In short, College Board is a parasite on the United States educational system.
US Visual Arts Department Chair Charla Gaglio likens the company to an art critic: “They come in and say, this art is good, and you should invest in it. And then the art buyers who don’t have the background will listen to that and [miss out] on some really good artists,” she said. “I think the College Board does the same thing…It’s a fabricated entity that has inserted itself between the actual consumer of the product, the student, and the actual product, which is the university.”
And there’s no real alternative to AP courses. They function as an easy way for colleges–especially larger ones–to assess the merit of a student’s application: a number can tell admissions officers all they need to know. It’s cheaper for the academic institutions, who don’t have to pay for the hours it would otherwise take to more thoroughly assess thousands of transcripts.
The problem is, a test grade can never encapsulate the rich inner life of a teenager. As Gaglio put it, “Human beings are not numbered products.”
When APs are the most important factor on an academic record, demand among students is high–but the exams come with a hefty price. At $99 per test, College Board has introduced yet another pay-to-play element to the American college admissions process–and that’s not to mention SATs, which cost around $70 to take digitally.

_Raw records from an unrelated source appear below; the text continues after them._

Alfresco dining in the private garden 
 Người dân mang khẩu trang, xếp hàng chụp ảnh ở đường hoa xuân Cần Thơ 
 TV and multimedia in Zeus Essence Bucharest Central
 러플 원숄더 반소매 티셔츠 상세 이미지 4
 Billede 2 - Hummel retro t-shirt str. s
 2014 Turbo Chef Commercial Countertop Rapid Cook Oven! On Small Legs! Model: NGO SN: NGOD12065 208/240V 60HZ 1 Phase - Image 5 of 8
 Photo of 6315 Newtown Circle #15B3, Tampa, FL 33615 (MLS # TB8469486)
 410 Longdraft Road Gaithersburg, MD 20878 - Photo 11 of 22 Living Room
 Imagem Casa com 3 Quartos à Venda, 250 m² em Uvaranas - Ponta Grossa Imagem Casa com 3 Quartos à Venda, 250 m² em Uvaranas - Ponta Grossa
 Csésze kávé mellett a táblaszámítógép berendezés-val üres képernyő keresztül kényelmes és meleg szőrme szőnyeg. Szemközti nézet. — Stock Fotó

This puts Shorecrest in quite the bind. The school’s goal is to get students to college, especially Florida universities–that’s the path that parents, kids, and admissions officers follow. If APs are a necessary part of that process, their presence is inevitable.
At the same time, Shorecrest is in active competition with numerous nearby private and public high schools, who all offer AP courses. Why? Because if they didn’t offer APs, they would lose their clients. Simply put, if those classes are the highest standard, Shorecrest has no choice but to push them. Hard.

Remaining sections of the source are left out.